Joshua is a tool designed to coordinate ephemeral tests of the FoundationDB. The architecture is essentially as follows:

  • The Joshua agent should be run in the various machines where one would like jobs to be executed. It will look for jobs to run (called ensembles) by looking for updates from a coordinating FoundationDB cluster.

  • Jobs should be submitted through a Joshua client that pushes a package to run as well as adding an ensemble name into the same coordinating database. The package should have a script called joshua_test that is marked as executable that the agent will run in order to run the test.

  • The agent will cycle through the ensembles that have currently been submitted. It will run the ensemble given through the joshua_test script, and it will consider a test to be a success if that script exits with exit code zero and a failure otherwise. It will then log the output into the database, and it will record whether the test succeeded or failed.

  • Clients can request that an ensemble be stopped, after which agents will no longer elect to run that task in particular. Old test results are viewable by clients.

At the moment, Joshua agent has been designed to "die on failure" rather than deal with failures more elegantly. This is because the environment will just reschedule an agent after its task ends, so it is cheaper and easier to simply have an agent die if it sees something it can't deal with and allow its environment to be reset rather than to deal with it more elegantly.

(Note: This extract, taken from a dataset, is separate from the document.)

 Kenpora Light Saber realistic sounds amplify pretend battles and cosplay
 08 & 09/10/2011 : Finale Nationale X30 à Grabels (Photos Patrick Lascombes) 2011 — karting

By design, the current package does NOT include two dependencies that it will need if one wants to run the agent, namely childsubreaper and subprocess32. The first module is home built, but it is an extension module that can only be compiled on Linux and only with the Python development tools. The other is the Python 3 subprocess32 module. As these are not required to run the client, and as many people may be running the rest of this module from outside of a Linux environment, these dependencies for the agent only are left out. If you wish to run the agent manually, you will have to download them separately. The preferred way of running agents is via the provided Docker image (as described below), so you don't need to manually managing packages and some required binaries.

Usage

To start an ensemble, create a tar.gz archive where there is a file called joshua_test within the top level directory. This file should be an executable bash script that performs whatever test you want to run. The test should finish with exit code 0 upon success and a non-zero exit code upon failure. Then submit the job by running (assuming your FoundationDB cluster file is ./fdb.cluster, otherwise use -C path/to/cluster_file for following commands):

python3 -m joshua.joshua start --tarball path/to/archive.tar.gz

You can then see the results of the test by running:

python3 -m joshua.joshua tail

Or:

python3 -m joshua.joshua tail --errors

If you only want to see the errors from your run. By default, jobs will complete after they have failed 100 times (though that is configurable through the fail-fast option at ensemble start time). You can manually stop a job by running:

python3 -m joshua.joshua stop

You can also see which jobs are running:

python3 -m joshua.joshua list

Two more usage notes: Joshua operates by connecting to a coordinating FoundationDB cluster, which is where it places jobs to start and also where the agents report back results. You should therefore either set the FDB_CLUSTER_FILE environment variable to that cluster file or pass the cluster file path through the --cluster-file command line argument. Also, Joshua uses the "username" of the user who submits jobs in order to track which user started jobs and in order to know which jobs to tail or stop. By default, this is the user's OS user name, but this can be configured by either passing the --username flag (if the command takes one) or by setting the JOSHUA_USER environment variable to the desired name.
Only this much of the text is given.